I became obsessed with the possibility that I would not be able to get the old man’s remains through airport security. The box they put him in was very heavy and I had been told that sometimes they put the ashes in a metal box and put that in the wooden box and if there was a metal box in the wooden box that security might think I was carrying a bomb. That freaked me out. Showing up at the memorial service without the remains of the man of the hour struck me as being like showing up at a wedding without the bride or groom.
So the next time I was flying somewhere I asked airport security about the matter. And the IQ-less young man there said he could not guarantee that they would go through the security check. I said I had heard that you could put a quarter under the box and if you could see the quarter with the machine then it would go through. The IQ-loess young man looked stern and said I was not supposed to know that.

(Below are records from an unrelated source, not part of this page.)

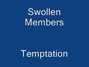Lyrics of Temptation Swollen Members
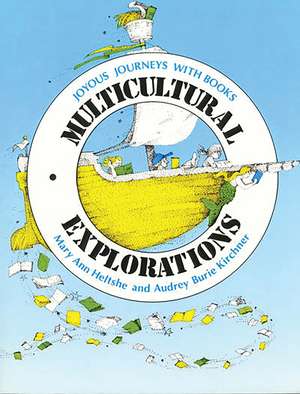 Multicultural Explorations: Joyous Journeys with Books de Mary A. Heltshe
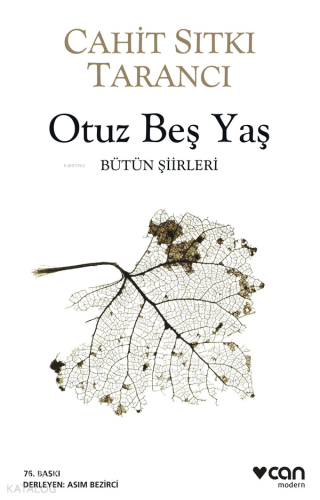 Otuz Beş Yaş; Bütün Siirleri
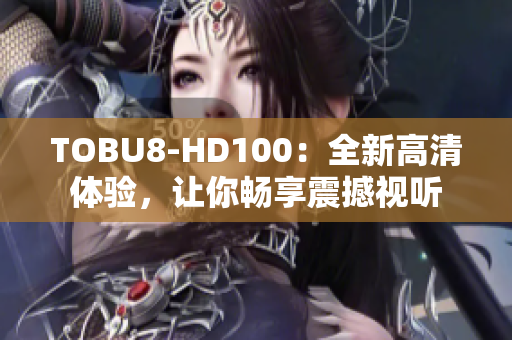 TOBU8-HD100：全新高清體驗(yàn)，讓你暢享震撼視聽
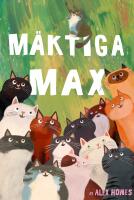 M&auml;ktiga Max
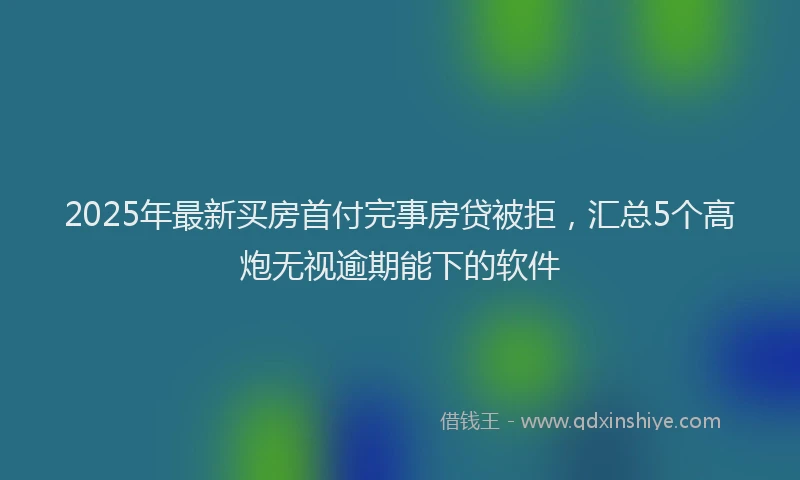 2025年最新买房首付完事房贷被拒，汇总5个高炮无视逾期能下的软件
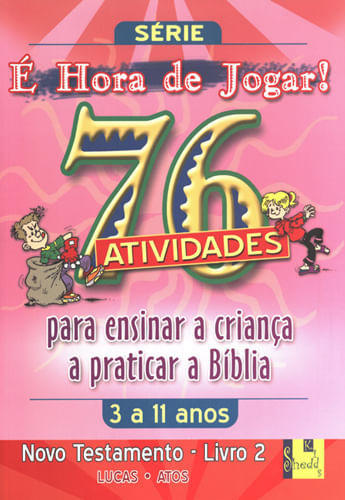 Série é Hora de Jogar 76 Atividades Novo Testamento- Volume 02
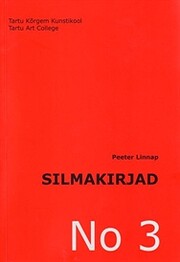 Silmakirjad : kirjutisi fotograafiast ja…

This was not reassuring. So I phoned the mortuary and they referred me to the crematorium; everybody specializes these days. They assured me the box was just wood with ashes in it. But still I didn’t trust anybody by this point. We had my wife’s father’s ashes too, in a smaller box; and it weighed half of what my father’s box weighed and they were about the same height and weight at the point of expiration. How could that be. While talking with the crematorium people, I had my father’s box in my lap and turning it over happened to notice four screws.
If you want something done right, you have got to do it yourself. So I unscrewed the screws and took out my father’s ashes that were contained in heavy plastic. The ashes looked very much like ashes; and I was reassured to see no metal in the box. But sure enough at the airport, they pulled aside the suitcase with the old man in it and asked me what was in there. I said it was my father’s ashes and what was the matter and they said they couldn’t see through it. I said there was no metal in it.
A security guy walked over and took the bag to another security machine. I saw him slip a quarter under the box which he had taken out of the bag and put in through the machine, and then he put it back in the bag and said I could take it with me. Thank God. The problem all along had not been metal, but the simple density of human ashes.